For this exercise, return exactly the lines of the material below that begin at the one with "Nature's Way Parsley" and stop after the one with "Notes musicales et".

◆ ◆ ◆ ◆

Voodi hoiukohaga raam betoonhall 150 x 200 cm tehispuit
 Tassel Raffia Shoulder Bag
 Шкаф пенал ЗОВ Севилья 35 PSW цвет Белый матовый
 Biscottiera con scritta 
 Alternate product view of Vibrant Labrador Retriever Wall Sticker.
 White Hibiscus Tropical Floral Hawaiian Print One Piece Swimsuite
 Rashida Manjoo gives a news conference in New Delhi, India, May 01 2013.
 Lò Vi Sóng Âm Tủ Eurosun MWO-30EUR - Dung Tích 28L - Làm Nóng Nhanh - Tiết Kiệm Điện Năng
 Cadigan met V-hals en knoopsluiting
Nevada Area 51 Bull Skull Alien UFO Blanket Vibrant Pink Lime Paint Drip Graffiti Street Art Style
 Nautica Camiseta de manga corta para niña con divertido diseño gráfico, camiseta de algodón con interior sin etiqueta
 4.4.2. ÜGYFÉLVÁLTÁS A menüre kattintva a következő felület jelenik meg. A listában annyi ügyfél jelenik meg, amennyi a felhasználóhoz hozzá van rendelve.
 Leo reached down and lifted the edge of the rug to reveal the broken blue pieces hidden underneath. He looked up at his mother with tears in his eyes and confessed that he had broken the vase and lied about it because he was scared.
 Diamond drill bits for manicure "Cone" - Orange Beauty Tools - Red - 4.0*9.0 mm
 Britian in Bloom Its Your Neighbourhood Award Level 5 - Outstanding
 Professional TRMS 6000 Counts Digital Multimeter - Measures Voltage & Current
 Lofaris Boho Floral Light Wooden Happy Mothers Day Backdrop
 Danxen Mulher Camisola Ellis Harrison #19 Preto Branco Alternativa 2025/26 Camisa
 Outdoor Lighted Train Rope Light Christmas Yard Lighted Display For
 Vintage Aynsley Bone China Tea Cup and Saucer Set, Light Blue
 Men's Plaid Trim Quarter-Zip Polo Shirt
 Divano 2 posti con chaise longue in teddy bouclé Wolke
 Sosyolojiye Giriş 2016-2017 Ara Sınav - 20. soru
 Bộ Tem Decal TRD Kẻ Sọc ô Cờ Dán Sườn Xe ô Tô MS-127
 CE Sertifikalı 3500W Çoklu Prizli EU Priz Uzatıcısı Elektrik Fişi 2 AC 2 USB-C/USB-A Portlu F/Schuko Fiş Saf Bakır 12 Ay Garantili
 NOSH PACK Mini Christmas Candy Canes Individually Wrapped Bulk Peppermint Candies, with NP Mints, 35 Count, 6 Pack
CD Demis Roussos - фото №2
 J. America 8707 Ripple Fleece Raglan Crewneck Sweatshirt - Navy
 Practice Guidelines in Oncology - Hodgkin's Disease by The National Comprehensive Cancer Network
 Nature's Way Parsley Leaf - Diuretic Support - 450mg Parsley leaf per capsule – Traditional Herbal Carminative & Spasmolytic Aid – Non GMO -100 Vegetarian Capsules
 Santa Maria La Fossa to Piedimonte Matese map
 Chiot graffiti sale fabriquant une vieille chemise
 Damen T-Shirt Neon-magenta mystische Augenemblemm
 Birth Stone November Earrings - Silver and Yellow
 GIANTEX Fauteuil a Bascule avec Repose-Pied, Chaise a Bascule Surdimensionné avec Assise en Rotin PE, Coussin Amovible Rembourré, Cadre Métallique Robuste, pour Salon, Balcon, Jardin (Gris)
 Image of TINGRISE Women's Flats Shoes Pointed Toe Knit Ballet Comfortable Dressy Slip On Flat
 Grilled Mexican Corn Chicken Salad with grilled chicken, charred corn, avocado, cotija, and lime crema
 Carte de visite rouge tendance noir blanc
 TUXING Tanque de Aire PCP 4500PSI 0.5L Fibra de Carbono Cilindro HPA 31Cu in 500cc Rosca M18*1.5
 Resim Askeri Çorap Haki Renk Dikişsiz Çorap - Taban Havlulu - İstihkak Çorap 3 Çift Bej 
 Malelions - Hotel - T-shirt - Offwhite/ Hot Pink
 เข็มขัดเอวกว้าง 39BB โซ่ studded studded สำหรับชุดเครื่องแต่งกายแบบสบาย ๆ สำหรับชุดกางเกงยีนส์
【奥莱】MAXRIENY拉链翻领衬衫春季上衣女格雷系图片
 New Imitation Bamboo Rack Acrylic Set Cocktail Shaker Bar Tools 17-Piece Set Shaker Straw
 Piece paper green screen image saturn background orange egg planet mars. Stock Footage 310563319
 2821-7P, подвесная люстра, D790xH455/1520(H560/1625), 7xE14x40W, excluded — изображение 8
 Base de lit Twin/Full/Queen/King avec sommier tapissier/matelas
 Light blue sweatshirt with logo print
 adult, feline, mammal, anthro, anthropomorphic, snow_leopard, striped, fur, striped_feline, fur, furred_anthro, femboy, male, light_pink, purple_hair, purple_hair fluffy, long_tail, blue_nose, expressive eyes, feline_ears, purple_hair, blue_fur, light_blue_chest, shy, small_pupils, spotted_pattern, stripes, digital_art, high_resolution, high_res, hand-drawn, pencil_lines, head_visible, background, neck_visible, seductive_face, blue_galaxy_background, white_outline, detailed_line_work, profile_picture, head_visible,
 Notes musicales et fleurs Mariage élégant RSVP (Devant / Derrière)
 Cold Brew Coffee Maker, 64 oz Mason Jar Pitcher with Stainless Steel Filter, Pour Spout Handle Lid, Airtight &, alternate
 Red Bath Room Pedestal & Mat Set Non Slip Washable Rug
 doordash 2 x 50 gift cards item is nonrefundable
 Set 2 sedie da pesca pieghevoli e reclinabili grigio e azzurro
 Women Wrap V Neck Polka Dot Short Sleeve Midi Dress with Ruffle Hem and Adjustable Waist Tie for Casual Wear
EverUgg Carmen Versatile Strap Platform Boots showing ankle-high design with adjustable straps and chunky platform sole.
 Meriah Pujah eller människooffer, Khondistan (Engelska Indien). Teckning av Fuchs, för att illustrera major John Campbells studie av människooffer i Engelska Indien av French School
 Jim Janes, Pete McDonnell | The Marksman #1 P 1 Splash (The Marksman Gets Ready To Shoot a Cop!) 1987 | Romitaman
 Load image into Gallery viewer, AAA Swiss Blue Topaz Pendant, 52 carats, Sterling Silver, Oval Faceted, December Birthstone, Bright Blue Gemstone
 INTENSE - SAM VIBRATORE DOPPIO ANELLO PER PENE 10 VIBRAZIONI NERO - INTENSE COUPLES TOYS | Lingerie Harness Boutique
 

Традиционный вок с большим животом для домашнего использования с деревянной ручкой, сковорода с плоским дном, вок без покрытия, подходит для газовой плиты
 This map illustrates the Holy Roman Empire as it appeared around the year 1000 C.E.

◆ ◆ ◆ ◆

**Answer area:**
 Nature's Way Parsley Leaf - Diuretic Support - 450mg Parsley leaf per capsule – Traditional Herbal Carminative & Spasmolytic Aid – Non GMO -100 Vegetarian Capsules
 Santa Maria La Fossa to Piedimonte Matese map
 Chiot graffiti sale fabriquant une vieille chemise
 Damen T-Shirt Neon-magenta mystische Augenemblemm
 Birth Stone November Earrings - Silver and Yellow
 GIANTEX Fauteuil a Bascule avec Repose-Pied, Chaise a Bascule Surdimensionné avec Assise en Rotin PE, Coussin Amovible Rembourré, Cadre Métallique Robuste, pour Salon, Balcon, Jardin (Gris)
 Image of TINGRISE Women's Flats Shoes Pointed Toe Knit Ballet Comfortable Dressy Slip On Flat
 Grilled Mexican Corn Chicken Salad with grilled chicken, charred corn, avocado, cotija, and lime crema
 Carte de visite rouge tendance noir blanc
 TUXING Tanque de Aire PCP 4500PSI 0.5L Fibra de Carbono Cilindro HPA 31Cu in 500cc Rosca M18*1.5
 Resim Askeri Çorap Haki Renk Dikişsiz Çorap - Taban Havlulu - İstihkak Çorap 3 Çift Bej 
 Malelions - Hotel - T-shirt - Offwhite/ Hot Pink
 เข็มขัดเอวกว้าง 39BB โซ่ studded studded สำหรับชุดเครื่องแต่งกายแบบสบาย ๆ สำหรับชุดกางเกงยีนส์
【奥莱】MAXRIENY拉链翻领衬衫春季上衣女格雷系图片
 New Imitation Bamboo Rack Acrylic Set Cocktail Shaker Bar Tools 17-Piece Set Shaker Straw
 Piece paper green screen image saturn background orange egg planet mars. Stock Footage 310563319
 2821-7P, подвесная люстра, D790xH455/1520(H560/1625), 7xE14x40W, excluded — изображение 8
 Base de lit Twin/Full/Queen/King avec sommier tapissier/matelas
 Light blue sweatshirt with logo print
 adult, feline, mammal, anthro, anthropomorphic, snow_leopard, striped, fur, striped_feline, fur, furred_anthro, femboy, male, light_pink, purple_hair, purple_hair fluffy, long_tail, blue_nose, expressive eyes, feline_ears, purple_hair, blue_fur, light_blue_chest, shy, small_pupils, spotted_pattern, stripes, digital_art, high_resolution, high_res, hand-drawn, pencil_lines, head_visible, background, neck_visible, seductive_face, blue_galaxy_background, white_outline, detailed_line_work, profile_picture, head_visible,
 Notes musicales et fleurs Mariage élégant RSVP (Devant / Derrière)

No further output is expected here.